– Tres nada menos. -Elliott apoyó la cara en la mano después de colocar el codo sobre el reposabrazos-. Pero seguro que las noticias las alegrarán tanto como a él. ¿Cómo no iban a hacerlo? Estarán en las nubes. E intentarán por todos los medios que su hermano se dé prisa en preparar el equipaje y partir lo antes posible.

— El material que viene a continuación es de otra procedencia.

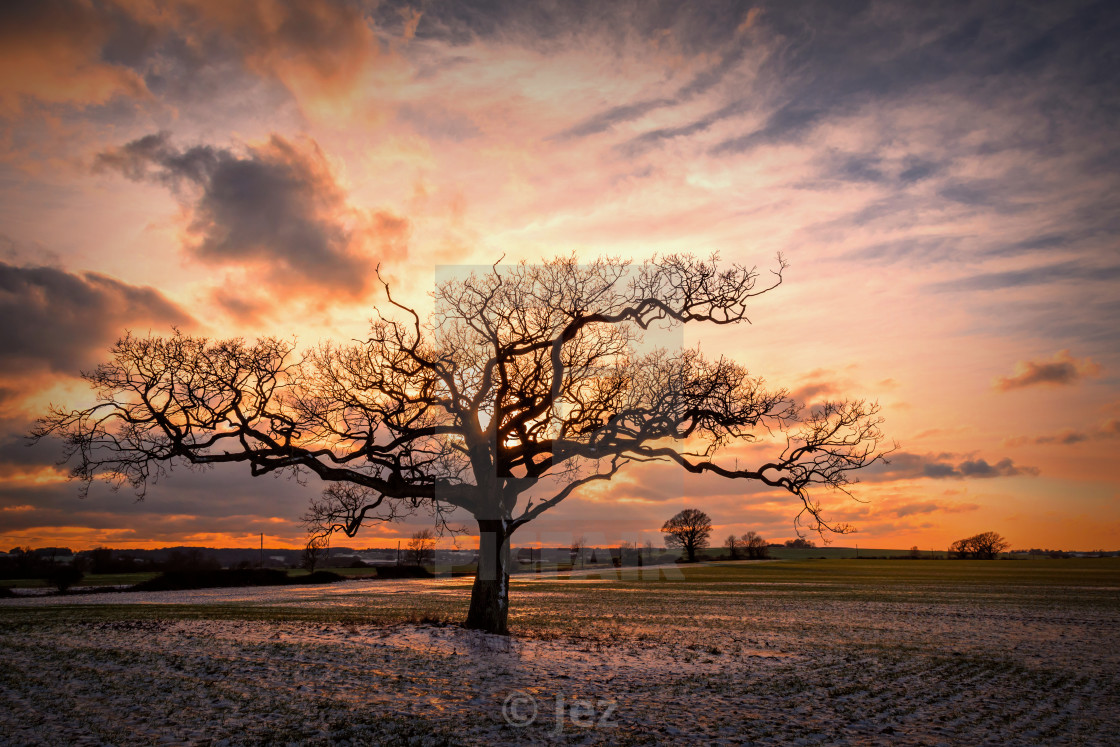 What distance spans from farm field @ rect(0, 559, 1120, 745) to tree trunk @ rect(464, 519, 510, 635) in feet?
3.38

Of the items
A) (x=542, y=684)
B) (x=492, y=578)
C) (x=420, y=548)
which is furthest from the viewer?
(x=420, y=548)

– Para ser un hombre con hermanas, te veo muy optimista, Elliott -comentó George con sorna-. ¿De verdad crees que se reunirán en la puerta al día siguiente de conocernos a fin de despedirse de su único hermano para siempre? ¿De verdad crees que seguirán con sus vidas como si nada hubiera pasado? ¿No crees que lo más seguro es que quieran remendarle todos los calcetines y confeccionarle media docena de camisas nuevas…? ¿O hacer un millar de otras cosas útiles e inútiles por su hermano?

– ¡Maldita sea mi estampa! -Elliott se dio unos golpecitos en el muslo-. Quería pasar por alto la posibilidad de que representaran un inconveniente, George. Como suele suceder con las mujeres. Con lo sencilla y cómoda que sería la vida sin ellas… En ocasiones me tienta la vida monástica.

Su amigo lo miró sin dar crédito y entonces soltó una sonora carcajada que puso de manifiesto lo gracioso e inconcebible que encontraba dicho comentario.

– Conozco a cierta viuda que retomaría el luto y se sumiría en una profunda melancolía si lo hicieras -le aseguró George-. Por no mencionar a todas las damas solteras de la alta sociedad de menos de cuarenta años. Y a sus madres. Además, ¿no me dijiste ayer mismo cuando veníamos de camino que tu principal objetivo durante la próxima temporada social será elegir esposa?

Elliott hizo una mueca.

– Pues sí-reconoció, al tiempo que dejaba de darse golpecitos en la pierna con los dedos, aunque al instante volvió a hacerlo con renovado ímpetu-.